Leaves reemerge in late winter to very early spring. Later in the season, new bulblets will form at leaf tips that will eventually tip over to continue the migration process.

Harvest ground bulbs as well as topsets mid-to late-summer by plucking them from dried parent stalks or from the ground where they’ve already toppled. These topset bulbils may be replanted (store in the fridge in paper sacks until replanting in autumn) or consumed.

What miraculous creations – the entire plant can be consumed! Base onions can be eaten like any onion, the hollow greens chopped like chives, and bulblets can be cooked in soups, peeled and fried, pickled, or roasted whole.

So, if you’re seeking a year-round source for alliums, try sowing some Egyptian walking onion sets. They will soon be “walkin’ on over” to be savored at your next meal.

Did You Know?

Topsets of Egyptian walking onions may fall as far as three feet away from the parent plant.

Ancient Egyptians worshipped onions and believed their spherical shapes and concentric rings represented eternal life. Onions were used in Egyptian burials for pharaohs and small onions were found in the eye sockets of Ramesses IV.

Bulb sources:

Sow True Seed
https://sowtrueseed.com

The Egyptian Walking Onion
https://egyptianwalkingonion.com

Territorial Seeds
https://territorialseed.com

Baker Creek Heirloom Seeds

https://rareseeds.com

Both Baker Creek and Territorial have Egyptian onion sets but are sold out this season. However, you can get on their waiting lists.

Recipe:

Egyptian Onion and Pepper Relish

4 ripe sweet peppers (Bell, Corno di’ Toro, Marconi or other), washed, stems and seeds removed, then cut in strips

2 to 3 bunches of Egyptian walking onions (you can substitute 2 regular red onions), skins and roots removed and sliced. Put either type of onion in boiling water for 1 minute then remove.

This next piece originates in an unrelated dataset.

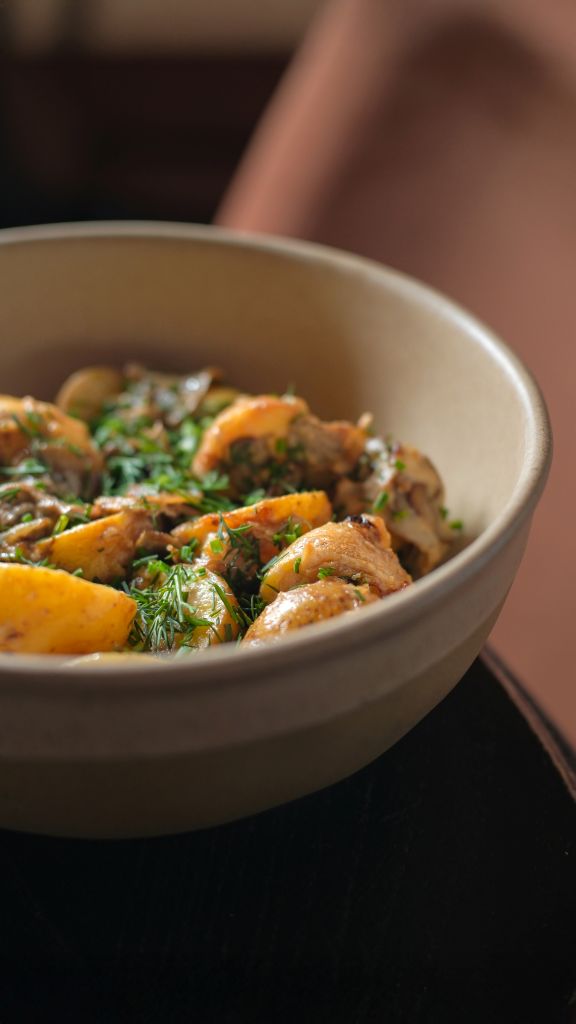 Жареный картофель с грибами, зеленью и постной сметаной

Skins will then slide off easily.

2 tablespoons olive oil
¼ cup balsamic vinegar
2 tablespoons honey or agave nectar
1 tablespoon each minced fresh rosemary, sage and lime thyme (can use regular thyme instead)
Zest of one organic lime
Fresh ground sea salt and pepper

In a heavy sauté pan, heat oil, then toss in peppers and onions. Stir fry until limp, about 2-3 minutes over medium heat. Slowly pour in the vinegar and honey, stirring to mix thoroughly. Sprinkle minced herbs on top. Continue cooking while stirring frequently until liquid is dissolved, about 10-12 minutes, and vegetables start to caramelize. Sprinkle over the lime zest and add salt and pepper to taste, tossing to mix in. Serve hot, warm or chilled.

Great over meats, poultry, seafood, salads, pizza and sandwiches. Store extra in fridge in covered glass or plastic container.